Ovvero?
«Una leadership dittatoriale non ha alcuna possibilità di farcela con le nuove generazioni, tantomeno il meccanismo, molto anni Ottanta e Novanta, di ricompensare con ruoli dirigenziali la massima produttività. Ai loro manager oggi i giovani chiedono altro. Anzi, lo pretendono: vogliono trasparenza, inclusione, verità».
Nel libro sostiene che per essere leader consapevoli bisogna essere transformazionali: che cosa significa?

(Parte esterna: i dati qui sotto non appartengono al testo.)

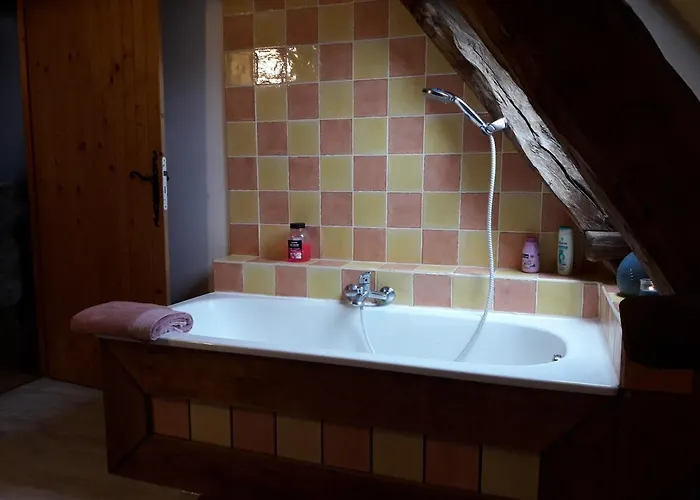 Сasa de vacaciones Cap Del Mas *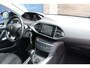 Peugeot 308 SW 1.2 PureTech Blue Lease Premium | Camera | Panoramadak | Massagestoel | Cruise | Carplay/Android Auto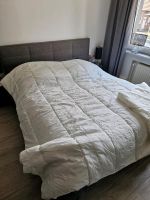 Steppbett Ganzjahresdecke Neu! Nordrhein-Westfalen - Gütersloh Vorschau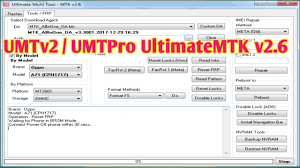 UMTv2_UMTPro_Ultimate Free Download 2022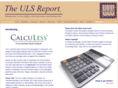 calculess.net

«Se vuoi essere alla guida di una società o di un gruppo, piccolo o grande che sia, devi essere di ispirazione. Per motivare i giovani, per convincerli a restare in azienda, bisogna coinvolgerli, entrare nelle loro menti. Millennial e Generazione Z vivono in una realtà connessa e integrata: il lavoro e la vita privata non sono divisi a compartimenti stagni come in passato».
Facciamo qualche esempio.
«Capita sempre più spesso che i dipendenti chiedano che l’azienda prenda una posizione netta su certe questioni. Sono sensibili al tema dell’inquinamento, alle diseguaglianze sociali. Non dimentichiamoci poi che la nostra vita è molto esposta al giudizio altrui, grazie ai social. Il privato emerge e determina, agli occhi di chi lavora per noi, il tipo di persona che siamo».
È dunque più complesso che in passato essere oggi un leader?
«Richiede maggior investimento su di sé, maggior impegno. Bisogna mettersi in gioco in prima persona».